Disclaimer: I don't own Griever, Biggs, Wedge, or anything FF8 related. I did not invent the kitty litter and will not be held responsible for chunks of sandy cat poo around the house.
o—o
Chapter Thirteen: …Griever sat in a little corner in the apartment's modestly sized bathroom. This was humiliating! A guardian force, using a kitty litter! A GF as great as he, Griever, reduced to feline excretory facilities! An absolute outrage! If he ever finds out whoever made this stupid law about only humans being allowed to use toilets, he's going to bury him in a kitty litter! Damn the refreshing scent crystals! They mock him…
o—o
"Zell, I'm going to the training center to get ready to arrest those two idiots, alone. If Rinoa comes looking for me, distract her," said Squall.
"You can count on me!"
As Squall walked down the hall to the training center, he set his mind for the task ahead. If he finds those two… When he finds those two idiots there is going to be trouble, lots and lots of trouble. As he stalked through the artificial jungle he felt the Grats avoiding him. They could sense his hostility. He'll have to seek out a T-Rexaur, then.

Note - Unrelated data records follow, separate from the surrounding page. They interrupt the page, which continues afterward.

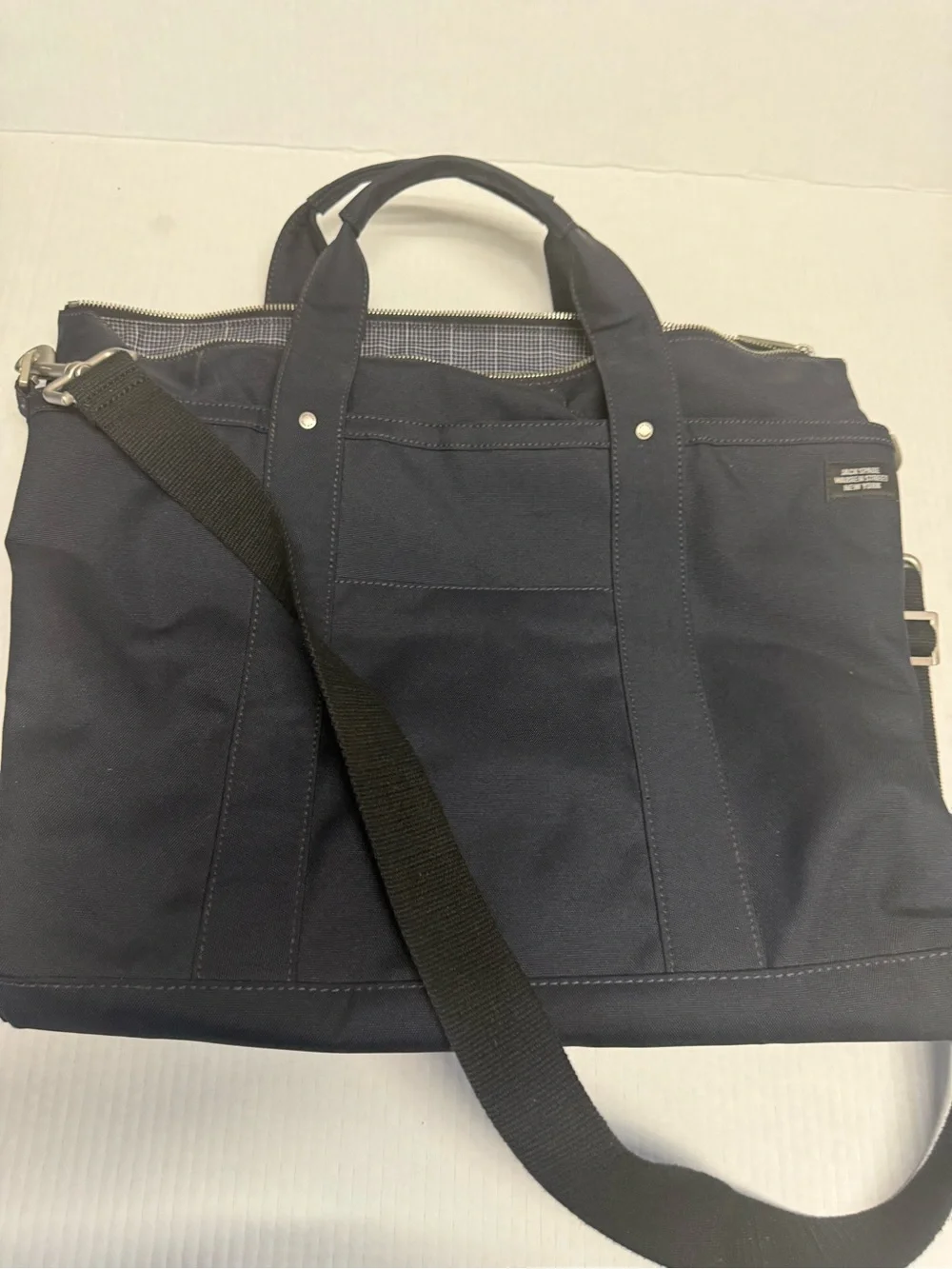 Navy Canvas Convertible Brief Tote - Men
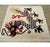 A vintage Chinese Art Deco throw rug handmade during the mid-20th century with a pictorial design of a dragon in black,...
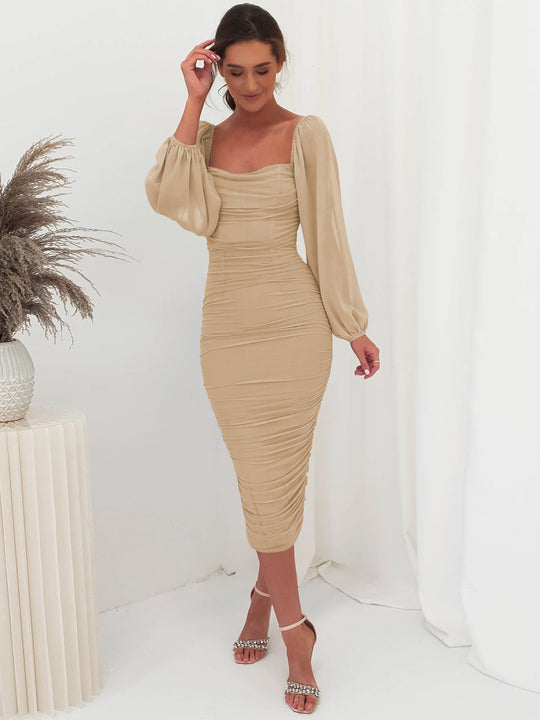 Damen Figuroptimiertes Kleid mit Puffärmeln und Raffungen EB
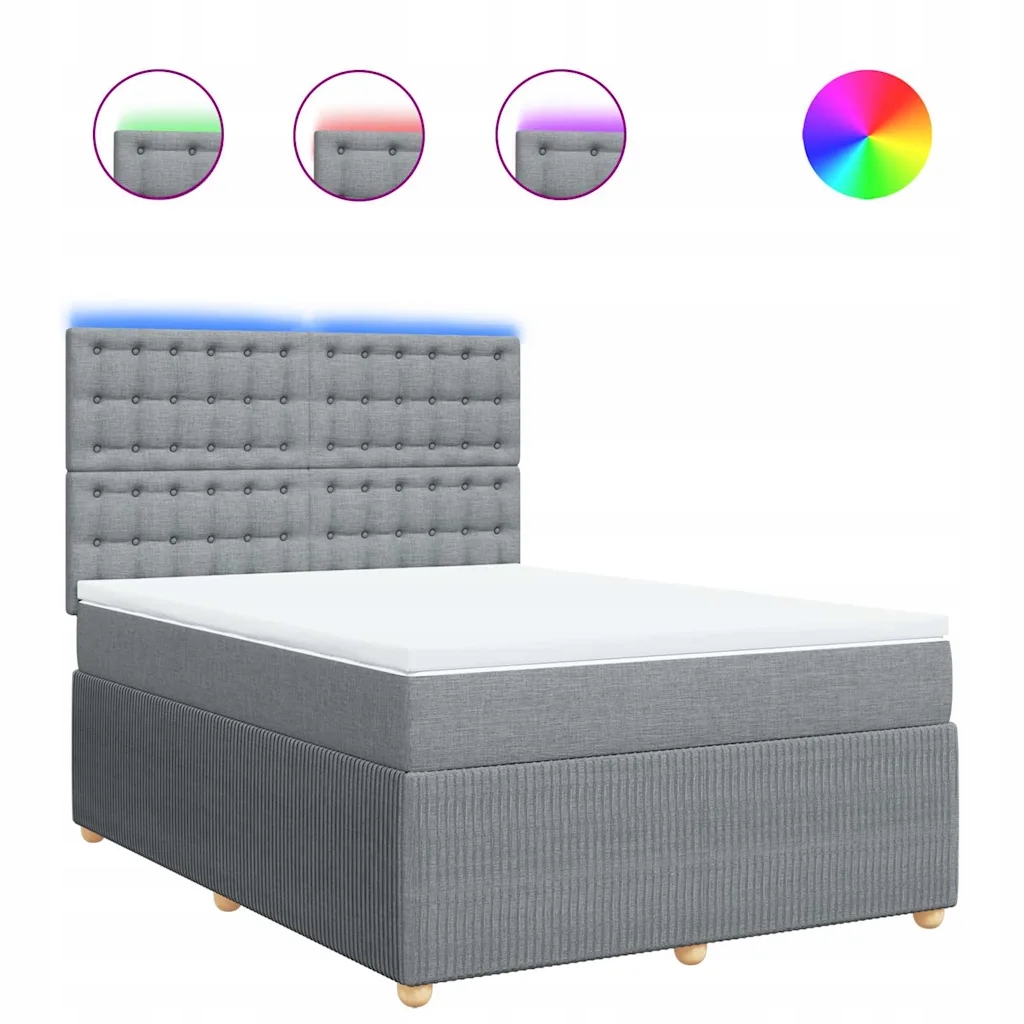 Kontinentální postel světle šedá 200 x 160 x 140,5/150,5 cm s Led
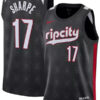 Mens Portland Trail Blazers #17 Shaedon Sharpe Black 2024-25 City Edition Swingman Jersey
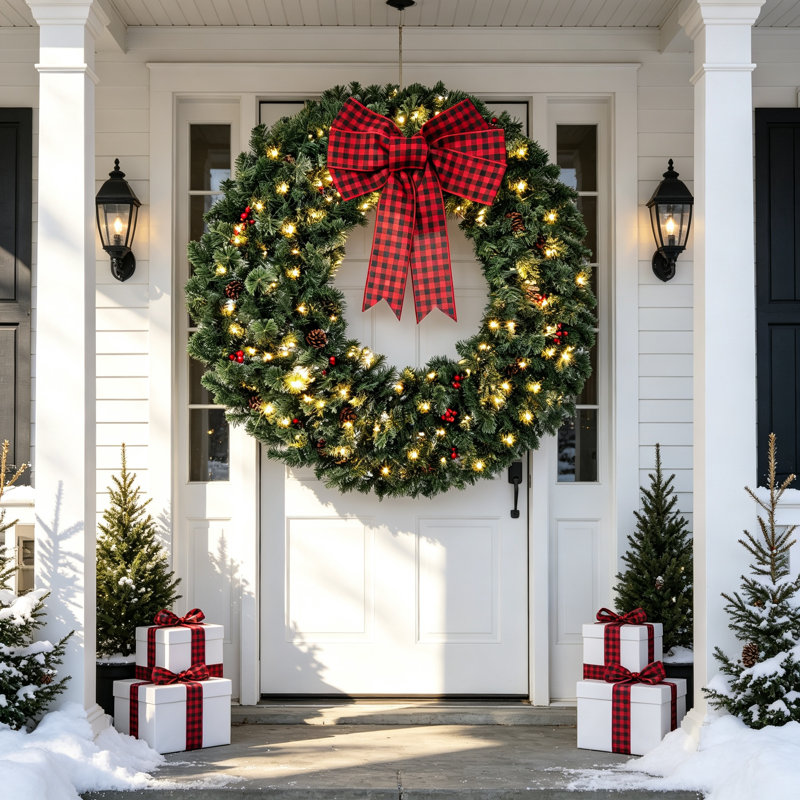 Couronne de Noël Crestwood Spruce pré-illuminée de 122 cm (48 po), 8 modes d'éclairage, avec nœud, pommes de pin et baies rouges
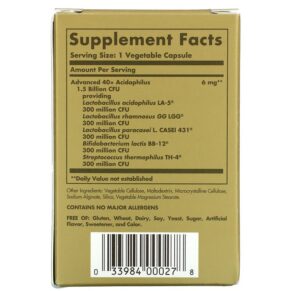 Thực phẩm bổ sung Solgar Advanced 40+ Acidophilus 60 Vegetable Capsules 033984000278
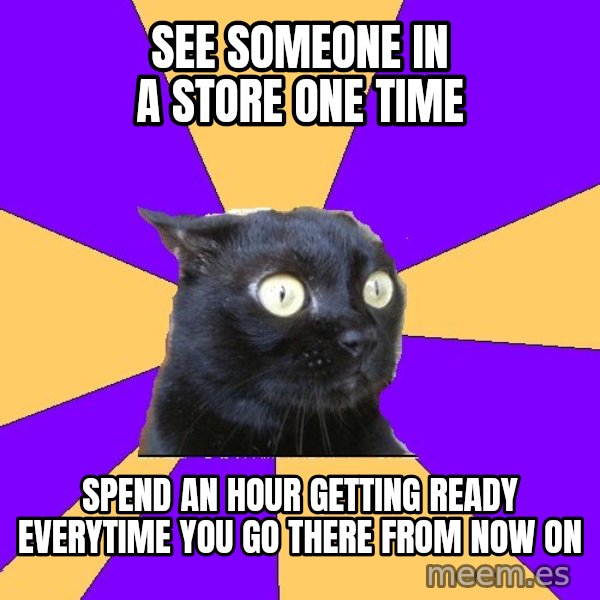 Anxiety Cat meme: See someone in a store one tIme / Spend an hour Getting readY everytime you go there from now on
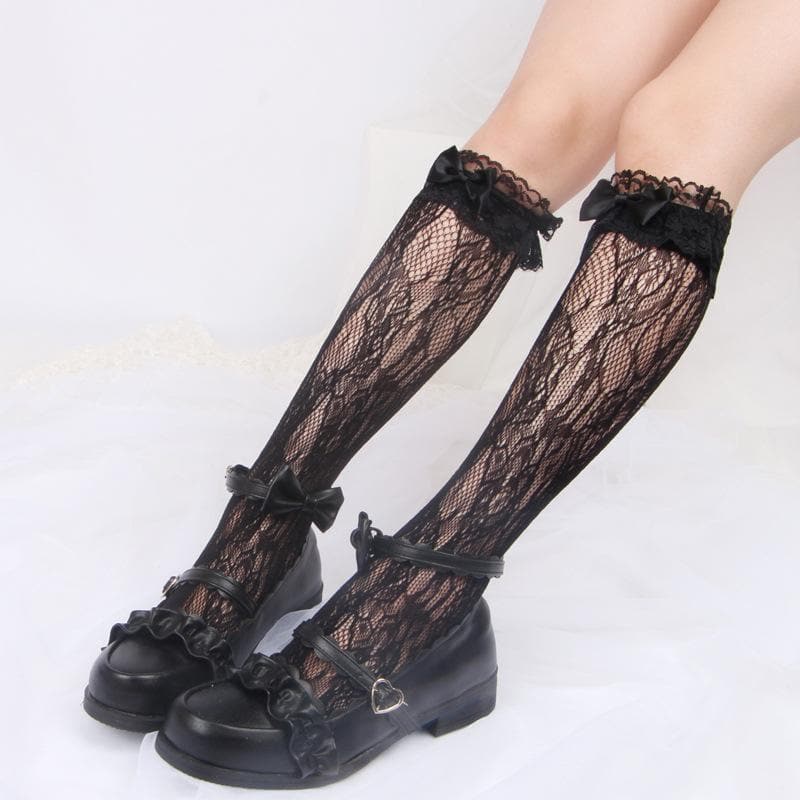 Vintage-Inspired Lace Bow Knee-High Socks | Fall & Halloween Essential for Women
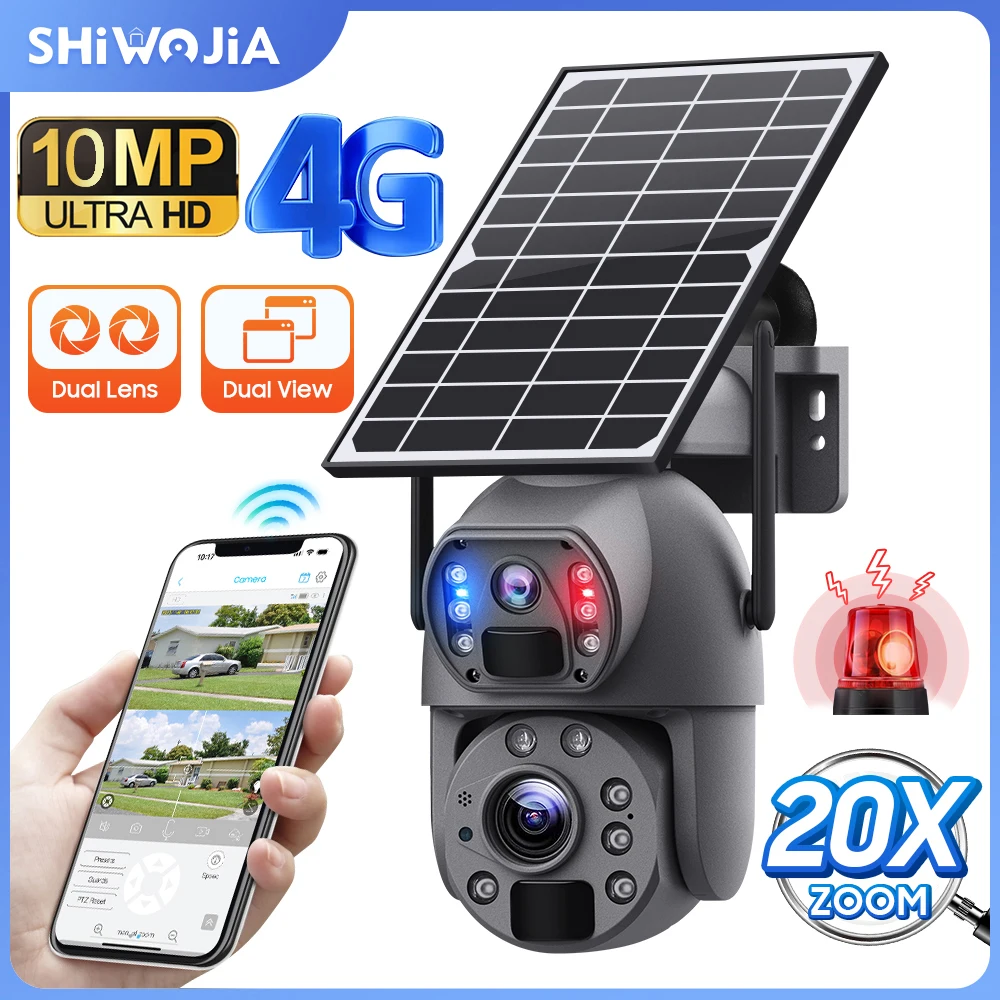 Kamera solarna SHIWOJIA 4G Sim 5K 10MP 20X Zoom z podwójnym obiektywem, nagrywanie, śledzenie ludzi, zewnętrzna kamera WIFI, metalowa, wodoodporna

Meanwhile, outside Squall's dorm, Rinoa knocked.
"Squall? Squallie? Zell told me you were in there. Can I come in?"
"Whatever."
"That's not very nice, Squall. Come on, open up!"
"…"
"Squall!"
"Whatever."
"Grr! I hate it when you're like this!"
"Whatever."
"What is wrong with you, Squall! Are you mad at me or something? What's with you today!"
"…"
"Squall! You're hurting my feelings!"
"Whatever."
"You big meanie! I'm going to cry!"
"…"
"That's it! Flare!"
As the door melted explosively, Rinoa looked into Squall's room through the red haze of anger. There, on his bed was a tape recorder. "Whatever… … Whatever. Whetever… Whatever…"
"ZELL!"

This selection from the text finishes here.